Supplied data -
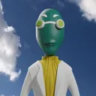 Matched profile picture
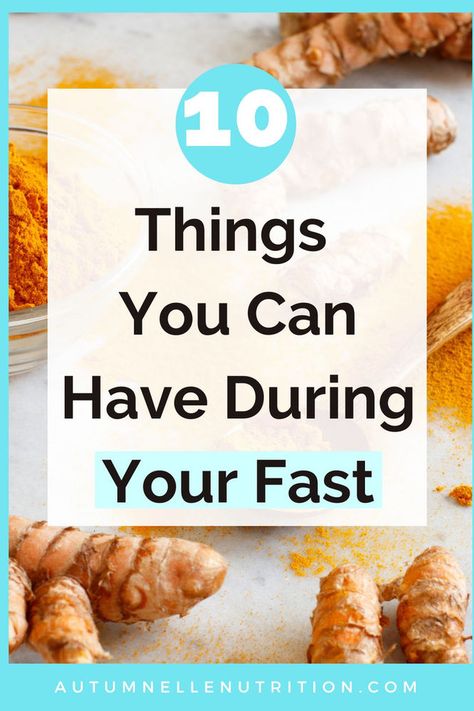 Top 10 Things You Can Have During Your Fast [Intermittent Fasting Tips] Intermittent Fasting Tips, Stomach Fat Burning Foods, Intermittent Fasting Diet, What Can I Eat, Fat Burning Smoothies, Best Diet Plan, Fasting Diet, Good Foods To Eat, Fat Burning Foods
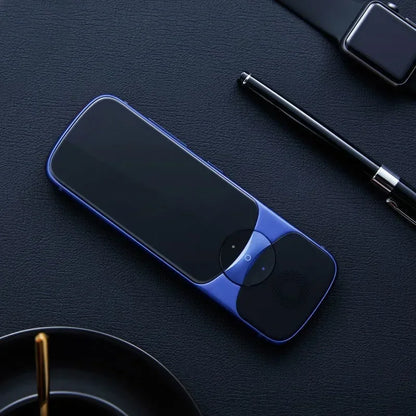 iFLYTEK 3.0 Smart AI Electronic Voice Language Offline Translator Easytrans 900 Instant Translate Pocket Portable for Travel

...

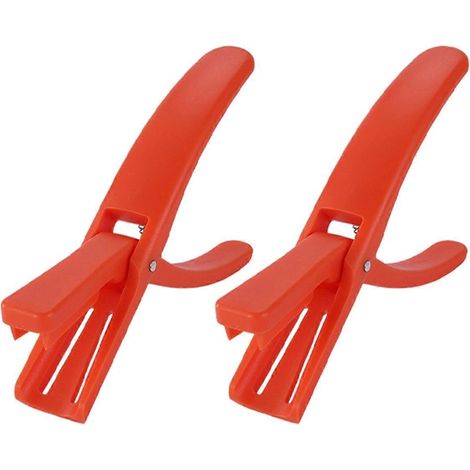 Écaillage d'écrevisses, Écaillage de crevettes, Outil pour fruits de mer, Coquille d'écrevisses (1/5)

...

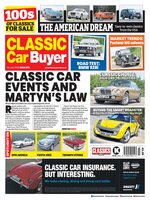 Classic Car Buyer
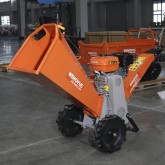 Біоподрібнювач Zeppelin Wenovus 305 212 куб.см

How to complete this task - What is needed is an exact copy of the lines above, from the one holding "Classic Car Buyer" down to the one holding "Біоподрібнювач Zeppelin Wenovus", with those two included and the pictures left out.

Your response -
 Classic Car Buyer
 Біоподрібнювач Zeppelin Wenovus 305 212 куб.см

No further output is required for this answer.